EXTRACTED ENTRIES →
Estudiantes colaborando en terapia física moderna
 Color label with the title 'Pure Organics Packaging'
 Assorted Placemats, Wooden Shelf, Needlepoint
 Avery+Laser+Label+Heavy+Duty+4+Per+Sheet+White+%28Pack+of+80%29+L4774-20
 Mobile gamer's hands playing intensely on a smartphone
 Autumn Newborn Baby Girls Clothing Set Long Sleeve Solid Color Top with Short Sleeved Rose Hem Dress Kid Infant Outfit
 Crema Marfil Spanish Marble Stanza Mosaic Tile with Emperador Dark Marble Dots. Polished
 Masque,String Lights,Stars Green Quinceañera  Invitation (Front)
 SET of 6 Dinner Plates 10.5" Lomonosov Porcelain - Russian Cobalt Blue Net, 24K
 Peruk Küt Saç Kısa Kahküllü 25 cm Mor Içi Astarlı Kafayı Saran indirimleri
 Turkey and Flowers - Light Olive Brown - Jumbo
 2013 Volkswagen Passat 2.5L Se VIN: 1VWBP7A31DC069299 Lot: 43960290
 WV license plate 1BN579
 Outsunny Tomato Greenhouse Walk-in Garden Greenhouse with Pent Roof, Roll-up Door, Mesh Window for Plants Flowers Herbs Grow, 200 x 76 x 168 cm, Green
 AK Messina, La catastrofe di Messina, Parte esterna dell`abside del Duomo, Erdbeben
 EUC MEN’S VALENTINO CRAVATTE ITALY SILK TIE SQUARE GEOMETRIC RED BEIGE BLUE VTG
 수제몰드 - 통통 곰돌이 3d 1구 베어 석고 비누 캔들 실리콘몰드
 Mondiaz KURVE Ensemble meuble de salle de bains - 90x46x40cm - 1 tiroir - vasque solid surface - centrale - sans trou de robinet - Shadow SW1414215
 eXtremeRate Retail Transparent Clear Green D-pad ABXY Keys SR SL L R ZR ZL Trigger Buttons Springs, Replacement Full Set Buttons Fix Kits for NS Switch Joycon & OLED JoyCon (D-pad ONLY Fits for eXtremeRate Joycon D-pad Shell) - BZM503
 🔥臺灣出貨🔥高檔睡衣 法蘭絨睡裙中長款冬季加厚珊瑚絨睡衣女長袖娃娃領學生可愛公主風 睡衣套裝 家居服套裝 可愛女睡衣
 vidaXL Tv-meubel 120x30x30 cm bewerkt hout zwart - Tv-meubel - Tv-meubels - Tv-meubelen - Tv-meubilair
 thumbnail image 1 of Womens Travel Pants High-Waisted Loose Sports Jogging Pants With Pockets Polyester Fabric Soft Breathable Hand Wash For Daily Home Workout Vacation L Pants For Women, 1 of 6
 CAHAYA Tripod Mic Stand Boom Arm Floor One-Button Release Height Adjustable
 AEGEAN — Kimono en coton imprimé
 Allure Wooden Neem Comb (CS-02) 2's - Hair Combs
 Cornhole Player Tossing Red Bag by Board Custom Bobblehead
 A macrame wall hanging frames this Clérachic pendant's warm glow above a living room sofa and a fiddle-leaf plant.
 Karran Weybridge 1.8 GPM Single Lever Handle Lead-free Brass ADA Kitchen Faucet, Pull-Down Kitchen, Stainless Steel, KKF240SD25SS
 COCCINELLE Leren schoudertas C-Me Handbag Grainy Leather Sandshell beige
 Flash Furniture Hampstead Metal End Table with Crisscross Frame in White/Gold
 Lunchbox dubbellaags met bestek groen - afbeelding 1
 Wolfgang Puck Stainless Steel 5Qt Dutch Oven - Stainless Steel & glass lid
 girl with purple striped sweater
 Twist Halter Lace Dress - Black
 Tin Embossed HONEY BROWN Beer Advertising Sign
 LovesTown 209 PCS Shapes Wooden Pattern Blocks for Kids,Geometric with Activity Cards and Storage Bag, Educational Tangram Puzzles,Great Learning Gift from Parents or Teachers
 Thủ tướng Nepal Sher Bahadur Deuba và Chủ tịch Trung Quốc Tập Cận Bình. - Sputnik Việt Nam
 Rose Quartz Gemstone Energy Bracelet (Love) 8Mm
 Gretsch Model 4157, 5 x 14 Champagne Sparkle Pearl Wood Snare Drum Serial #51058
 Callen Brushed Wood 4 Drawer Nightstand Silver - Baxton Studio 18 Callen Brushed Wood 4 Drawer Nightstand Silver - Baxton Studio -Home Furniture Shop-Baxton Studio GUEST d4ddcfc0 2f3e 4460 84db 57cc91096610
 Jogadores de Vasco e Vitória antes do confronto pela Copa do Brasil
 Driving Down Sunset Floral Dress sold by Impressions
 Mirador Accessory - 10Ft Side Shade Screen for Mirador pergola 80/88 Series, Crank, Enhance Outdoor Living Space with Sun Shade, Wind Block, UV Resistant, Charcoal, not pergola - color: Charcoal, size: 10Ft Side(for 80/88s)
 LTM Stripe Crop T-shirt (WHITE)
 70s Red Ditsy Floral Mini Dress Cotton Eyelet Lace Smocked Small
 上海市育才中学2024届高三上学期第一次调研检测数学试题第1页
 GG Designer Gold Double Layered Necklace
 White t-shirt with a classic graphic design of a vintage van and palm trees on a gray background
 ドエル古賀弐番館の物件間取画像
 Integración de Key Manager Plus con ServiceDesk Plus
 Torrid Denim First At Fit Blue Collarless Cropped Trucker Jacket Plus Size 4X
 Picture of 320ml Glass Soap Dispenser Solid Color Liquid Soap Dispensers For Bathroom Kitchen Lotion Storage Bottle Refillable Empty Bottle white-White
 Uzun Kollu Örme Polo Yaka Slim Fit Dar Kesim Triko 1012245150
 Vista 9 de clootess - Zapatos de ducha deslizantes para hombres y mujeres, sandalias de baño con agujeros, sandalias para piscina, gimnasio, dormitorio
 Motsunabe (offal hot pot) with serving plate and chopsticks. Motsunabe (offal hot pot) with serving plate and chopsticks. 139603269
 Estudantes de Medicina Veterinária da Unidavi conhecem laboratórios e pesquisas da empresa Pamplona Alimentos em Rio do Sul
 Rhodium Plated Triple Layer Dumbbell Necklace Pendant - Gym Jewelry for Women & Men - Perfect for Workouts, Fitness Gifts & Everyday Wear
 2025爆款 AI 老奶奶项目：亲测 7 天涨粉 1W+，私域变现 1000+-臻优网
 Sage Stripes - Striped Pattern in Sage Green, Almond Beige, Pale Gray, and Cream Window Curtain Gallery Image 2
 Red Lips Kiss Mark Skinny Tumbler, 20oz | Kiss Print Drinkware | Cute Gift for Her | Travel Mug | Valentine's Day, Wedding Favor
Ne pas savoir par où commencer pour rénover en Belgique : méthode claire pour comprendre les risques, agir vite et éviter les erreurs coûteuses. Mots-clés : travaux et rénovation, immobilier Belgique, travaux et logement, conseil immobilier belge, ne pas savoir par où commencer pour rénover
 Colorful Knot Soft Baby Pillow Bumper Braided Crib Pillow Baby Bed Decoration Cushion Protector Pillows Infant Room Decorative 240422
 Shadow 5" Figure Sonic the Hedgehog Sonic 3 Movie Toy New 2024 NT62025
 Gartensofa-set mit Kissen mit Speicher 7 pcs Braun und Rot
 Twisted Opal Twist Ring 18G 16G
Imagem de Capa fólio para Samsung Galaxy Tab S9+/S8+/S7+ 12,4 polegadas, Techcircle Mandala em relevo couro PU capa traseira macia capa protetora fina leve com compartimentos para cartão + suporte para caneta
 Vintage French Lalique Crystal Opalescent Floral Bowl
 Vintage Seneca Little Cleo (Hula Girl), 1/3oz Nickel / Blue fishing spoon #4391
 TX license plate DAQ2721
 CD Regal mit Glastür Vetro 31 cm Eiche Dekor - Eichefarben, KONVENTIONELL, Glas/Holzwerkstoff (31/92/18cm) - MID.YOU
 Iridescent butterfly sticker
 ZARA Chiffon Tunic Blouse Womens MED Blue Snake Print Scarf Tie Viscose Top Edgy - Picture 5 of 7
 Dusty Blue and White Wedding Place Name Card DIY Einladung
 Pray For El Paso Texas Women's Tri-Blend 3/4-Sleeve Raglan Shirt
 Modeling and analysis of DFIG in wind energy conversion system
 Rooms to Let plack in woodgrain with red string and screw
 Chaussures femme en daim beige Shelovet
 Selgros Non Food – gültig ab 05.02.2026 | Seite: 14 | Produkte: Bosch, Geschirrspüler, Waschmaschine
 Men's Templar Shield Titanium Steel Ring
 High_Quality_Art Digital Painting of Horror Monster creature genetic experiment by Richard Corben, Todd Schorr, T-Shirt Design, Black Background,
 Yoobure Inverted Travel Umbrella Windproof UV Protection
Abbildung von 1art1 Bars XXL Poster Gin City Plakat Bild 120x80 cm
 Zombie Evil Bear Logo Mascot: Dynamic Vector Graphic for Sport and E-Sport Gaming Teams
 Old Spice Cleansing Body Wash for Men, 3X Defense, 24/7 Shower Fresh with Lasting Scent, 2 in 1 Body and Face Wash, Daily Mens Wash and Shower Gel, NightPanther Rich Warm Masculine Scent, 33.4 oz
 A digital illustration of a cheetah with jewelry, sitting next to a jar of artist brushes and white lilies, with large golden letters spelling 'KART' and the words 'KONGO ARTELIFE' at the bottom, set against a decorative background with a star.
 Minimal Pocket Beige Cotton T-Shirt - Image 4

WHAT IS NEEDED → Write out exactly the lines above between the line with "eXtremeRate Retail Transparent" and the line with "Allure Wooden Neem", inclusive, and nothing beyond them.

RESPONSE FOR THIS EXERCISE →
 eXtremeRate Retail Transparent Clear Green D-pad ABXY Keys SR SL L R ZR ZL Trigger Buttons Springs, Replacement Full Set Buttons Fix Kits for NS Switch Joycon & OLED JoyCon (D-pad ONLY Fits for eXtremeRate Joycon D-pad Shell) - BZM503
 🔥臺灣出貨🔥高檔睡衣 法蘭絨睡裙中長款冬季加厚珊瑚絨睡衣女長袖娃娃領學生可愛公主風 睡衣套裝 家居服套裝 可愛女睡衣
 vidaXL Tv-meubel 120x30x30 cm bewerkt hout zwart - Tv-meubel - Tv-meubels - Tv-meubelen - Tv-meubilair
 thumbnail image 1 of Womens Travel Pants High-Waisted Loose Sports Jogging Pants With Pockets Polyester Fabric Soft Breathable Hand Wash For Daily Home Workout Vacation L Pants For Women, 1 of 6
 CAHAYA Tripod Mic Stand Boom Arm Floor One-Button Release Height Adjustable
 AEGEAN — Kimono en coton imprimé
 Allure Wooden Neem Comb (CS-02) 2's - Hair Combs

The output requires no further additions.